_RECORD EXCERPTS_.

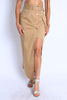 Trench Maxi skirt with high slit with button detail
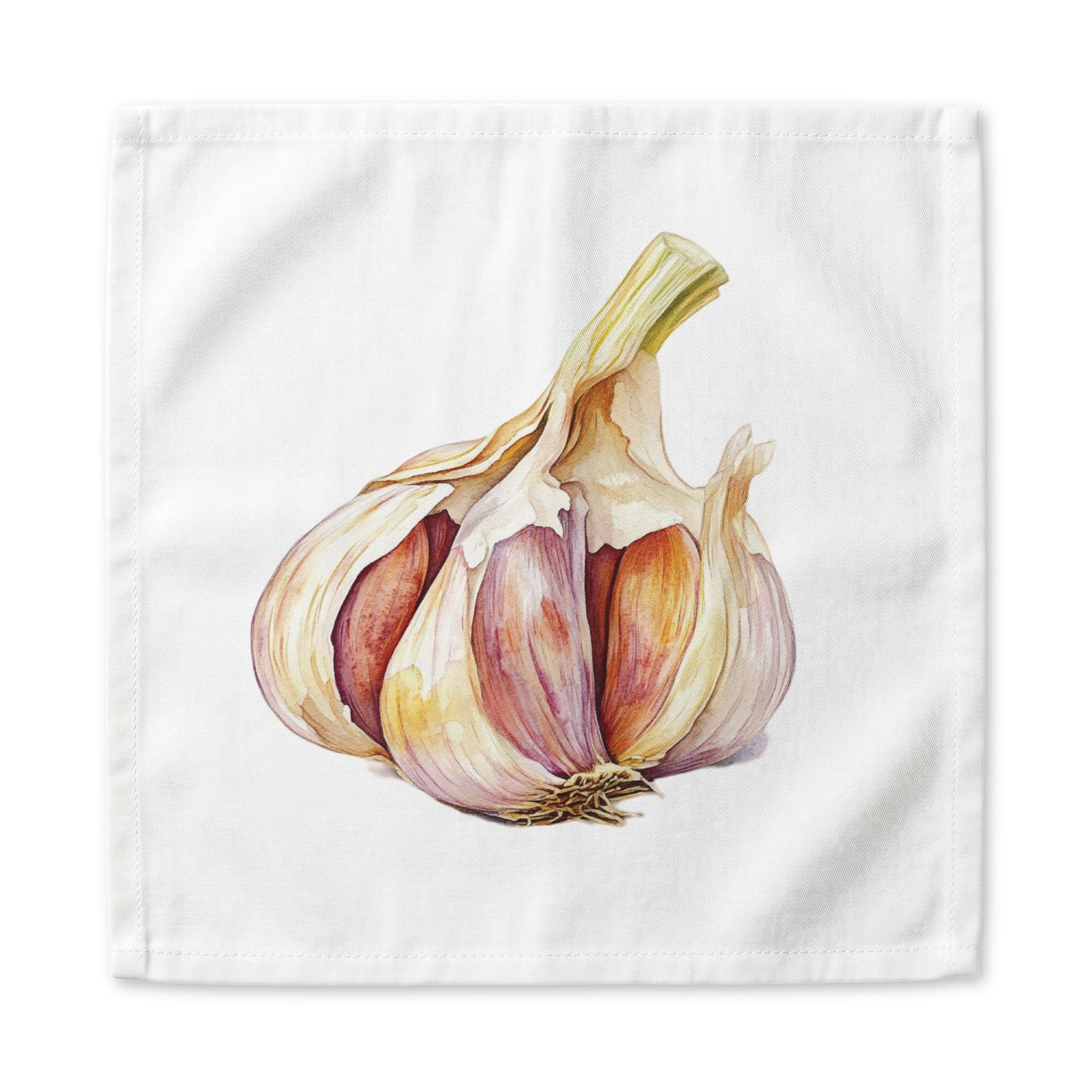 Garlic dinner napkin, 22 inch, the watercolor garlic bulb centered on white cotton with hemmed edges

--

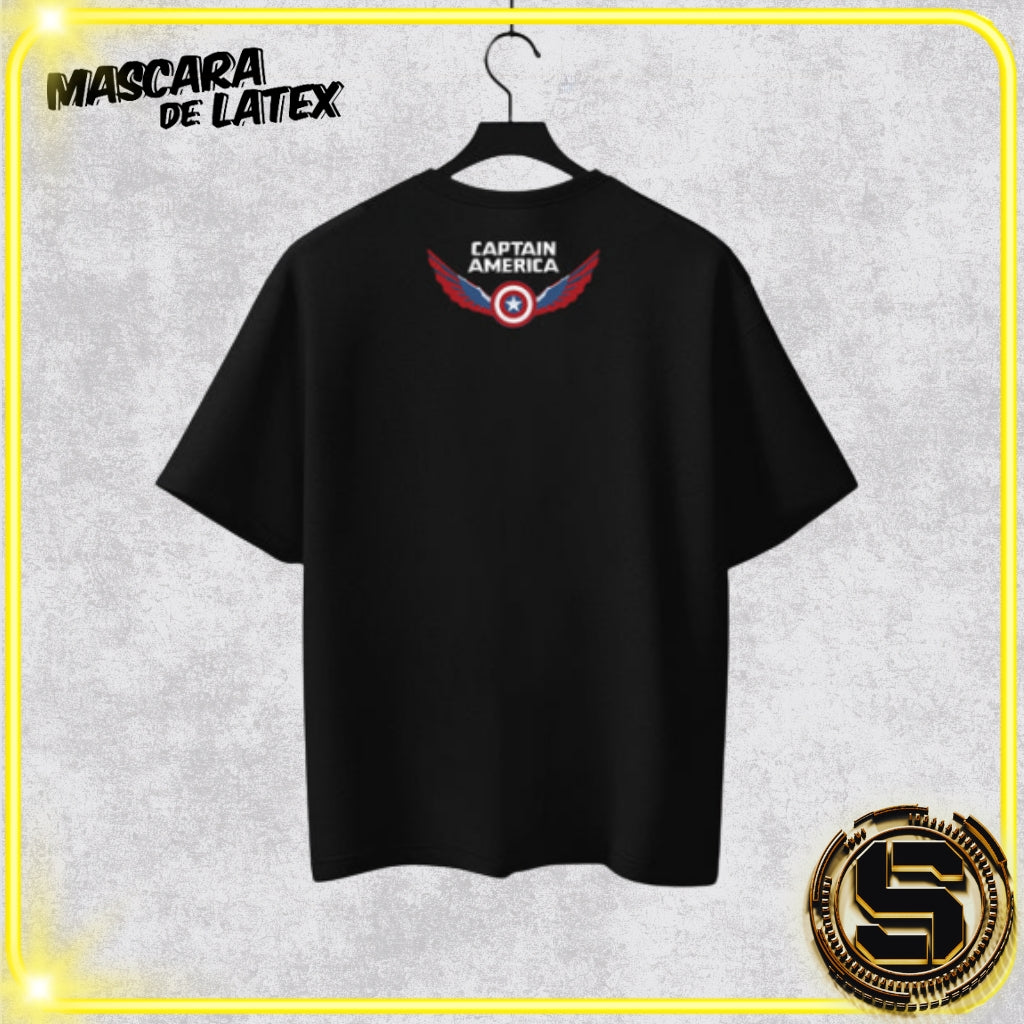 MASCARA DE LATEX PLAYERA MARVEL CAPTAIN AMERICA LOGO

_DIRECTIONS_. Your answer must be the lines above from the one holding "Trench Maxi skirt" up to and including the one holding "Garlic dinner napkin, 22", exact and with no pictures.

_ANSWER SECTION_.
 Trench Maxi skirt with high slit with button detail
 Garlic dinner napkin, 22 inch, the watercolor garlic bulb centered on white cotton with hemmed edges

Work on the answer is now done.